Arbitrage is the purchase of a product which is then sold to make a profit. Successful arbitrage relies on the fact that different markets value products at different rates. It's popular in the stock and commodities market, and is the driving force behind a number of industries from antiques to cryptocurrency. A person who uses arbitrage is called an arbitrageur.
A classic example of arbitrage is vintage clothing. A given set of old clothes might cost $50 at a thrift store or an auction. At a vintage boutique or online, fashion conscious customers might pay $500 for the same clothes. A smart consumer can spend $50 at their local thrift shop, and then sell the same item on Etsy for $500.
That's an example of arbitrage with $450 in profit, before other costs like listing fees, transaction fees, and shipping costs are considered. Those factors and others, such as the amount of labor and time involved, can complicate low-volume arbitrage like this. At the same time, arbitrage is a powerful profit-making tool used everywhere from garage sales to international banking.
Arbitrage is a widely used practice that occurs on just about every level of the economy.
Exchange rates are an important form of arbitrage. If the exchange rate in London is £1 = $2 while the exchange rate in the U.S. is £1 = $3, then a smart consumer can make a profit simply by converting their money from dollars to pounds in London, then converting it back when they return to the U.S.
Arbitrage, or "arbing," is used in sports betting. Since different bookmakers offer different odds on a given event, a gambler can bet different amounts on all possible outcomes of an event, guaranteeing profit no matter what happens. As an extreme example, if one bookmaker were offering odds of 3-to-1 that a team would win, and another were offering odds of 30-to-1 that they would lose, then a gambler could simply bet $10 with the first and $1 with the second, spending $11 for a guaranteed $30 return.
Arbitrage also occurs on a corporate scale. Global labor arbitrage, commonly called "offshoring," refers to a form of arbitrage in which companies move their assets to countries with the lowest labor costs, paying less money for the same work.
Many cryptocurrency investors are arbitrageurs. Cryptocurrency value is highly variable, dependent on a wide variety of factors. By keeping a close eye on those factors, such as investor interest, media attention and tone, and increasing or decreasing use in the marketplace, smart crypto investors can spend a small amount of money buying into a given cryptocurrency, then selling it for conventional currency when the value is at its highest.

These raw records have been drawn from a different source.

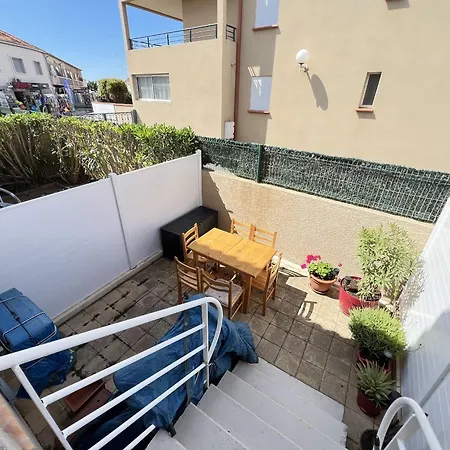 Pavillon Securise 50m De La Avec Parking, Climatise, 4 Couchages - Fr-1-781-62 Вальрас-Пляж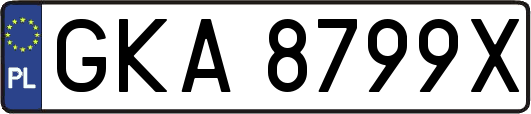 GKA8799X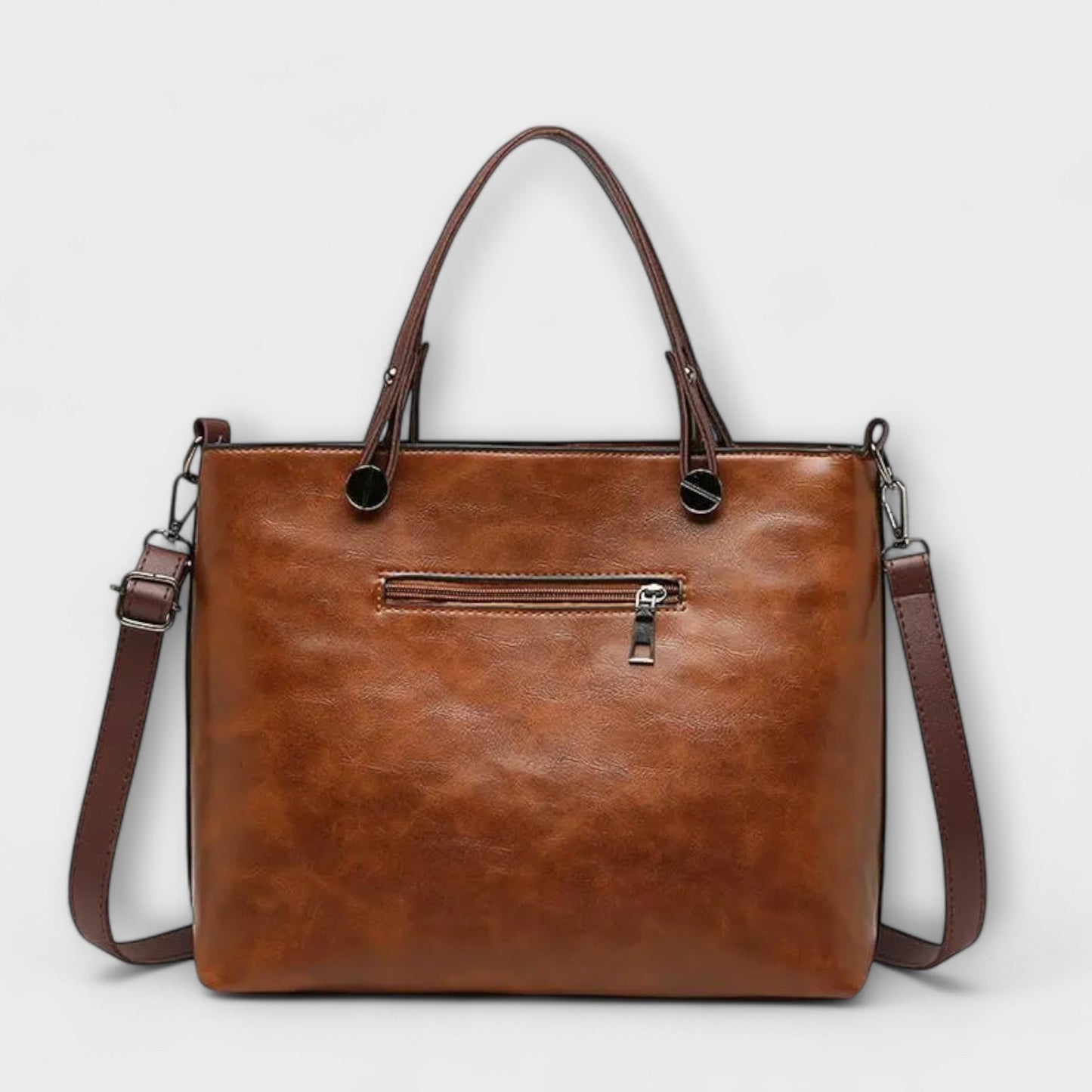 Damen Handtasche Alltag Groß Leder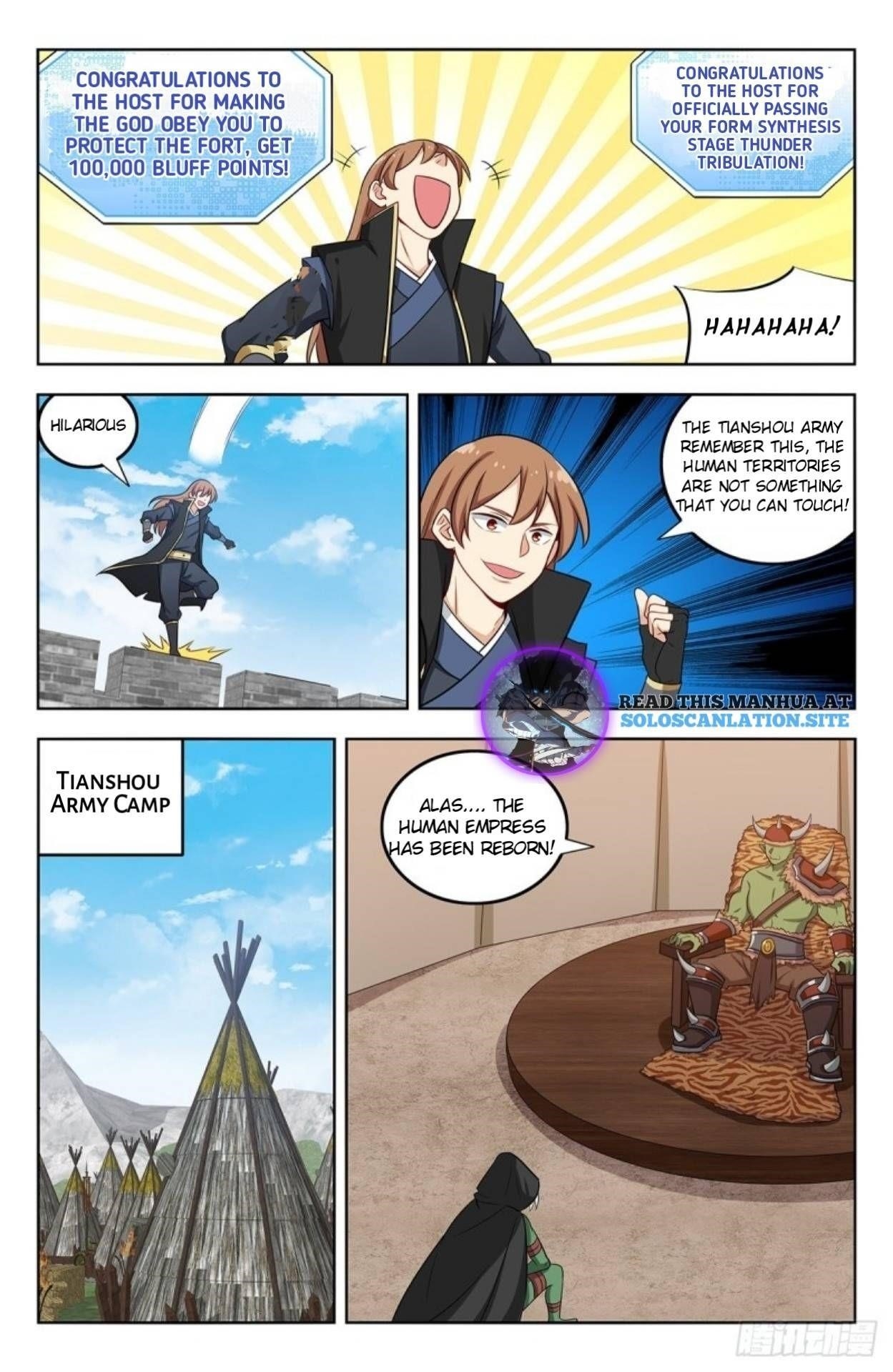 Strongest Anti M.E.T.A - Chapter 266 Page 10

Arbitrage is a vital part of Internet marketing, particularly affiliate marketing. An affiliate marketer - that is, someone who promotes a company's product online and is paid a commission for delivering leads or successful sales - can buy low-cost traffic to earn a much higher commission. For example, let's say an affiliate marketer pays 10 cents per click in an ad campaign and anticipates a 10 percent conversion rate. In other words, he would spend $1 in traffic (10 clicks) to get one conversion (10 percent of 10 clicks). If the commission is more than $1 per conversion, he will have earned a profit.
Arbitrage is a core aspect of the global economy, whether you're a small businessperson selling vintage clothes on Etsy or a major investor trading billions of dollars across currency markets. Ultimately, it comes down to the oldest rule of investment: buy low, sell high.